> _GIVEN DATA_
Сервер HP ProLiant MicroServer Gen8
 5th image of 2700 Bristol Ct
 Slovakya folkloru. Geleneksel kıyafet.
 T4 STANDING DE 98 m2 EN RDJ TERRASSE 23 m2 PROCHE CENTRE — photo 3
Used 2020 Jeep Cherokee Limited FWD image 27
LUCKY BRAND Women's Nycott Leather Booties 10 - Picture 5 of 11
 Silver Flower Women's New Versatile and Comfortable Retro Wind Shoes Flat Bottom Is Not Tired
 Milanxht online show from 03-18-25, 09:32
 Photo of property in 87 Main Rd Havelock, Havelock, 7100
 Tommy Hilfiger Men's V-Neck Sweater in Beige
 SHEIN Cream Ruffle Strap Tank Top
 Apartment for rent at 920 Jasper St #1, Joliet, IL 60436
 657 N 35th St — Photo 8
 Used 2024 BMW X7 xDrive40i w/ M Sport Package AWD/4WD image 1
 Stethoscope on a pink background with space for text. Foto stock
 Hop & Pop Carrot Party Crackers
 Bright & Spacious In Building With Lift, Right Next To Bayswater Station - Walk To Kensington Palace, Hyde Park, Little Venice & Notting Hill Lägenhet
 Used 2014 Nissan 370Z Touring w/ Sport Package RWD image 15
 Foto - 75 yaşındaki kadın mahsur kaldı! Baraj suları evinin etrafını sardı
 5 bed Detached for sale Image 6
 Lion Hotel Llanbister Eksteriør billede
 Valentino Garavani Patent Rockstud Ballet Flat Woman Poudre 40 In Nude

> _REQUIREMENT_
Find every line in the records that contains the word "Women"; copy those lines.

> _ANSWER TO THE PROBLEM_
LUCKY BRAND Women's Nycott Leather Booties 10 - Picture 5 of 11
 Silver Flower Women's New Versatile and Comfortable Retro Wind Shoes Flat Bottom Is Not Tired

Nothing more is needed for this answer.